**ASSIGNED TASK:** Repeat the listing that follows, character for character, minus the pictures.

**SOURCE DATA:**

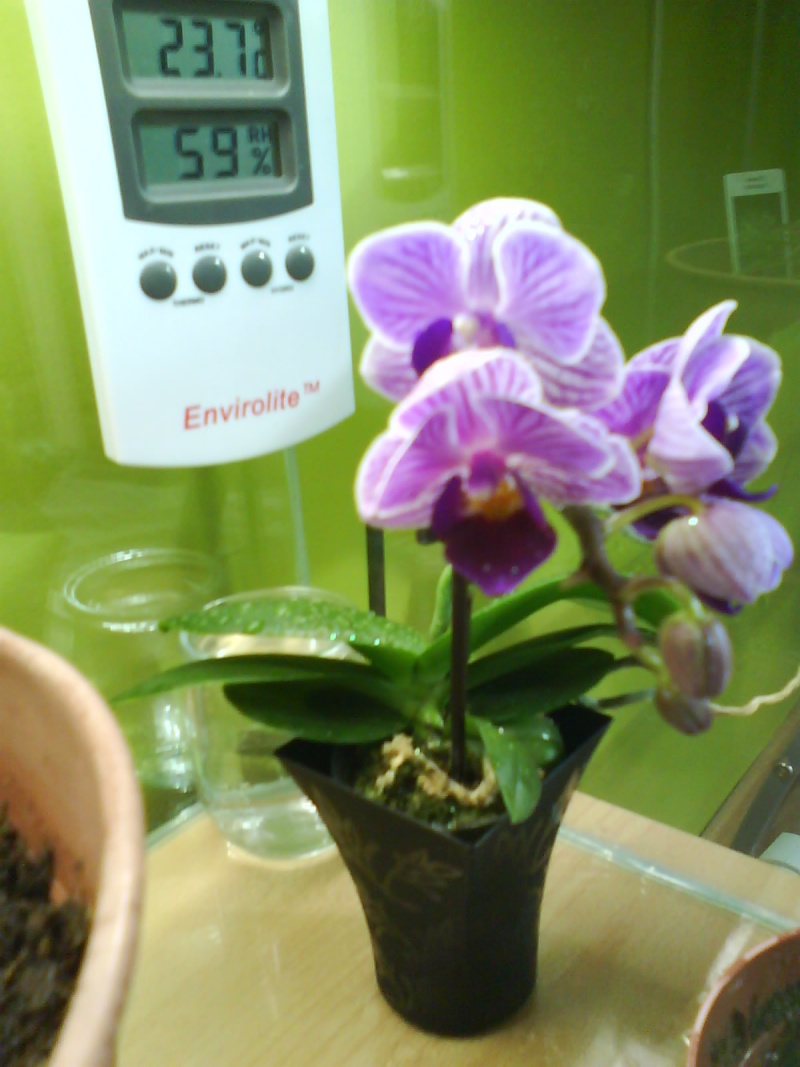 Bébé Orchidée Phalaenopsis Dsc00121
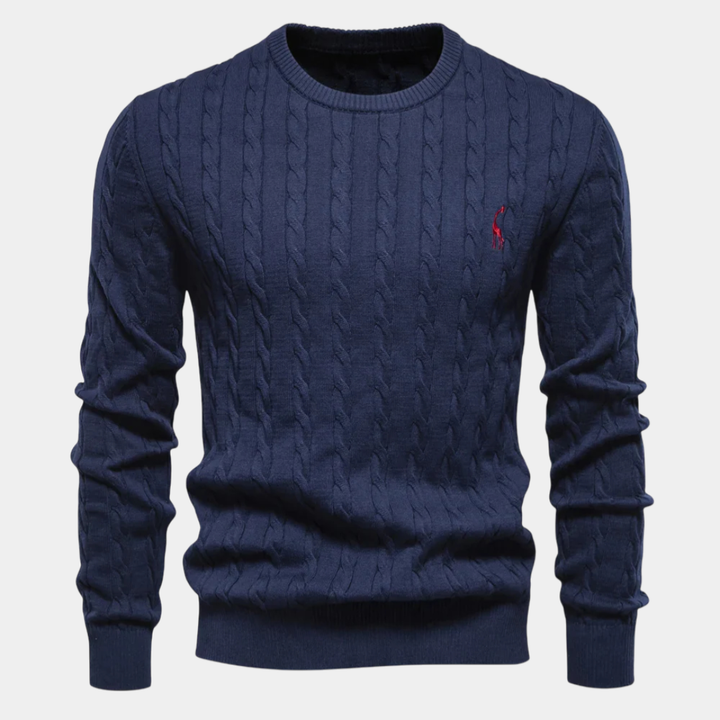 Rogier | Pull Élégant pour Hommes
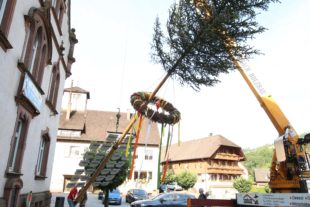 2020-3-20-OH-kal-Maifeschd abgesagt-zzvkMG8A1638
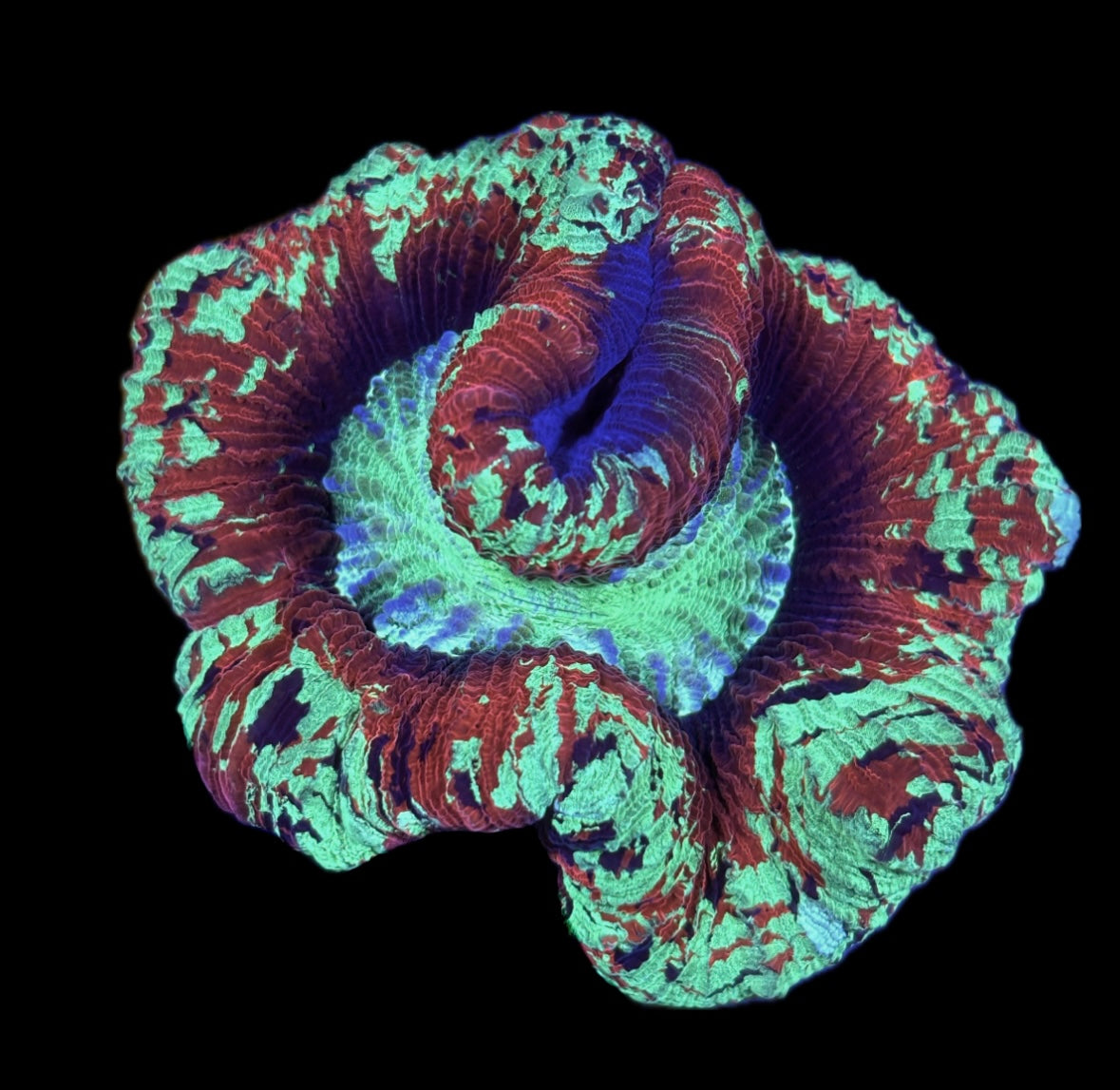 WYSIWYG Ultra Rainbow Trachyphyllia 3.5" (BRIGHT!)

**FINISHED EXERCISE:**
 Bébé Orchidée Phalaenopsis Dsc00121
 Rogier | Pull Élégant pour Hommes
 2020-3-20-OH-kal-Maifeschd abgesagt-zzvkMG8A1638
 WYSIWYG Ultra Rainbow Trachyphyllia 3.5" (BRIGHT!)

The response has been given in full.